# [SOLVED] 502 Bad Gateway mean blocked?



## maXrich (Jan 6, 2010)

When trying to access http://movies-links.tv/
I get a blank page that reads "502 Bad Gateway".

When I accessed the same web page from an anonymous proxy sever website the page loads correctly.

Does that mean the website blocked my IP address? Or my ISP blocked the website?


----------



## johnwill (Sep 26, 2002)

*Re: 502 Bad Gateway mean blocked?*

Since that's doubtless an illegal movie site, the ISP may have indeed blocked it. 

The disclaimer from the site in question, obviously trying to use the PirateBay argument that didn't work for PirateBay!


> *Disclaimer:*
> Watch Movies provides links to other sites on the Internet (DivX host sites, supernovatube.com, megavideo.com, myspace.com, tudou.com, veoh.com, youku.com, youtube.com, and others.) We do not host or upload any video, films, or media files. *Therefore, Watch Movies is not responsible for the accuracy, compliance, copyright, legality, decency, or any other aspect of the content of other linked sites.* If you have any legal issues please contact the appropriate media file owners / host sites.


----------



## maXrich (Jan 6, 2010)

Thank you John.
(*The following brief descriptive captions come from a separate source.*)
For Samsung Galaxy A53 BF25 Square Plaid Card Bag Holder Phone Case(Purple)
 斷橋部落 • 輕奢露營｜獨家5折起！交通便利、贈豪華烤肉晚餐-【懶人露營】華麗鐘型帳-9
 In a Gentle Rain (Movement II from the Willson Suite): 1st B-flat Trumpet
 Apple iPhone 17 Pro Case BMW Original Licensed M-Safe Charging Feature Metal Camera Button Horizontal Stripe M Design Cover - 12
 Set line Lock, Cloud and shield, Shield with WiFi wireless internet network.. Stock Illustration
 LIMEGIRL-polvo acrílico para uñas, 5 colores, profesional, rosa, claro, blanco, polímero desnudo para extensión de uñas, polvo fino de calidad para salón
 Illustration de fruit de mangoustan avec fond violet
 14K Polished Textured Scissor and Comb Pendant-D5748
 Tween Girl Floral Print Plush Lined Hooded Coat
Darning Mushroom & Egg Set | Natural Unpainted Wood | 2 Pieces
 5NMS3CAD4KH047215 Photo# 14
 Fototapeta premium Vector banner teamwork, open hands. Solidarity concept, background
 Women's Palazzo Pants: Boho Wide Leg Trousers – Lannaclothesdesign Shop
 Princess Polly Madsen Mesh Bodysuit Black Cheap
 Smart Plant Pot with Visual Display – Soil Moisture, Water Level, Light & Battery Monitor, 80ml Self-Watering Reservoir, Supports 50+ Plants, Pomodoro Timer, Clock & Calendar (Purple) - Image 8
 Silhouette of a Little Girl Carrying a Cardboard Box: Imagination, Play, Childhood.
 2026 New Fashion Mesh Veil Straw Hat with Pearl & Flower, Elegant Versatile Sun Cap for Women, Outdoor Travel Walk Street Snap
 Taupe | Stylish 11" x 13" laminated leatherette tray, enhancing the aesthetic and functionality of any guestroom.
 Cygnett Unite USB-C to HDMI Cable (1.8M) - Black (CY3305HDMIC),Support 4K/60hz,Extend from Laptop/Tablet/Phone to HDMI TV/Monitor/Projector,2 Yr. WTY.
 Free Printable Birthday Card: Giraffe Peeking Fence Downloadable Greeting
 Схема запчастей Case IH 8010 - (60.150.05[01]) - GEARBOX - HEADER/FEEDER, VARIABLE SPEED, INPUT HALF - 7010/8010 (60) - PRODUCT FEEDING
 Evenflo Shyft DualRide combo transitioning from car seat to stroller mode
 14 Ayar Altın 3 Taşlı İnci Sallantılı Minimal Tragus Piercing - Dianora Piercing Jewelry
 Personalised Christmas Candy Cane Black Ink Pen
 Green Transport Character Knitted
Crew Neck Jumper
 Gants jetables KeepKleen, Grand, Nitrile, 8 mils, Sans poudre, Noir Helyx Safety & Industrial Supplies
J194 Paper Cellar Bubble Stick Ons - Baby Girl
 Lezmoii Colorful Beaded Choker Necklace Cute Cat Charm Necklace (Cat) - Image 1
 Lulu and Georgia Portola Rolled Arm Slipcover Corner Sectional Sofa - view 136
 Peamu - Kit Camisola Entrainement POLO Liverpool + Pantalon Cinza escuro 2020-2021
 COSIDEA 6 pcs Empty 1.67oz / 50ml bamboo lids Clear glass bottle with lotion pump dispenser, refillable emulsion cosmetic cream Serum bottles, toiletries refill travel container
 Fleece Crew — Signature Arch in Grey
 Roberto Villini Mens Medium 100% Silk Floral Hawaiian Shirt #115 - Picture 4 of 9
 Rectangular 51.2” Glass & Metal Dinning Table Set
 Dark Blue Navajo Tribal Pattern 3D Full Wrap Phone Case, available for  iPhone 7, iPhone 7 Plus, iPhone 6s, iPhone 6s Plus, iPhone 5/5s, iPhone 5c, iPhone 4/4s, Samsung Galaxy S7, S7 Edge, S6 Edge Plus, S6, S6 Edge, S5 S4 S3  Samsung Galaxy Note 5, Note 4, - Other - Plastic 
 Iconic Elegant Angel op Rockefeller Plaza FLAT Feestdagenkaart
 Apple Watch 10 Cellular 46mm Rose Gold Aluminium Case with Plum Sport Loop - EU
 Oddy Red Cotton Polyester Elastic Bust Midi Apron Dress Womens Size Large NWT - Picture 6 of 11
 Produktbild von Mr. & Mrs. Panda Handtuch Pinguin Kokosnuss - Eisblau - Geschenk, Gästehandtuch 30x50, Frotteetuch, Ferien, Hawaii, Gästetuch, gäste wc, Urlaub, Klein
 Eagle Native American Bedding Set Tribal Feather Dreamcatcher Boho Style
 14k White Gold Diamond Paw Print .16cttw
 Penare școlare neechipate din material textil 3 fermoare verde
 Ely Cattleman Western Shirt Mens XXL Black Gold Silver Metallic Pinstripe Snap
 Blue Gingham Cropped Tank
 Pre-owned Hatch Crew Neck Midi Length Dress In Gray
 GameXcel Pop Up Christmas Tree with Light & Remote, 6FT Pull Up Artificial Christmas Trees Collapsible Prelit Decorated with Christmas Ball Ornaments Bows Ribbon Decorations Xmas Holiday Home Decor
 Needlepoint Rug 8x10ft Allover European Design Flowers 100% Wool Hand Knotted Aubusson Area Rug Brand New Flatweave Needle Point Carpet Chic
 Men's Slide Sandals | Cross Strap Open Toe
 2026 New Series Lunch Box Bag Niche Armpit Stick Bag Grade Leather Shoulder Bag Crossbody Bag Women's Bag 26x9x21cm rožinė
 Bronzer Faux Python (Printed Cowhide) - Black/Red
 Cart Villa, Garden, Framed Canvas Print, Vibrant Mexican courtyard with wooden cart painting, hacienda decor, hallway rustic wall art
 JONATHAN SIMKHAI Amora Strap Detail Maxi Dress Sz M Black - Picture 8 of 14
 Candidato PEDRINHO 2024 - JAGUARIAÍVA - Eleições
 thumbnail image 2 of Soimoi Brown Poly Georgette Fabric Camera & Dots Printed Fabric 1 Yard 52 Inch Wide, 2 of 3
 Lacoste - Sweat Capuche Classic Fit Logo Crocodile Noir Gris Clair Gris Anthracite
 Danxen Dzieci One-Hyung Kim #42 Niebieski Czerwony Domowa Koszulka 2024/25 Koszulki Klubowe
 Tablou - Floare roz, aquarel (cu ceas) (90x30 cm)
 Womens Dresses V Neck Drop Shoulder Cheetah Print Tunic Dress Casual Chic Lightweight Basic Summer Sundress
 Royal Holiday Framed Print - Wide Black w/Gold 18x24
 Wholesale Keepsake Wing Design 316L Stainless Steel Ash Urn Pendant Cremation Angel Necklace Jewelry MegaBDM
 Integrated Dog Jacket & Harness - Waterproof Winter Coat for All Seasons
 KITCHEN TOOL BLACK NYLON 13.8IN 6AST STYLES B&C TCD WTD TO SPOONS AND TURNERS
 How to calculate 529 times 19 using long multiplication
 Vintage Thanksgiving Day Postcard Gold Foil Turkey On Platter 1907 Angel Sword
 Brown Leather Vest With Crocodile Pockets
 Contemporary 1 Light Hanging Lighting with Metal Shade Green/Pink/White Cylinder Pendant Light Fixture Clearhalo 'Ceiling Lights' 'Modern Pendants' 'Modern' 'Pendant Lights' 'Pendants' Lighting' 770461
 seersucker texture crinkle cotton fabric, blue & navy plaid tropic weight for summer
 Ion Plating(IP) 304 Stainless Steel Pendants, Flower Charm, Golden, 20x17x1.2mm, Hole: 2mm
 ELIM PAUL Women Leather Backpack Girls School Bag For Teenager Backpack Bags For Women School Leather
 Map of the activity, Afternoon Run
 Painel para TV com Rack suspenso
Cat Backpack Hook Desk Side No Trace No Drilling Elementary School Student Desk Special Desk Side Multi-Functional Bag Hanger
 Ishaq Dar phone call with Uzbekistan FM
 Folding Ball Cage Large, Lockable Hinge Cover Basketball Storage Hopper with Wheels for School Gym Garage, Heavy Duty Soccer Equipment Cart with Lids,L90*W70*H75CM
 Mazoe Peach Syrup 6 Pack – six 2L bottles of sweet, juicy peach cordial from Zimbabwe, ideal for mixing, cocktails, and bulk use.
The website was not blocked.
It was up and running again within the next hour after I posted the question.

They had a technical problem with the website for all North American IP address,
thankfully they resolved the problem. The site is up and running again. :smile:


----------



## jcraven (Jun 26, 2010)

I had the same problem with this site ** removed by moderator ** . The best thing to do is wait a couple of hours and it will come back. It's usually on the site owners end.


----------



## johnwill (Sep 26, 2002)

Please don't post that kind of link here, perhaps taking another look at the Tech Support Forum Rules & Conduct is in order.


----------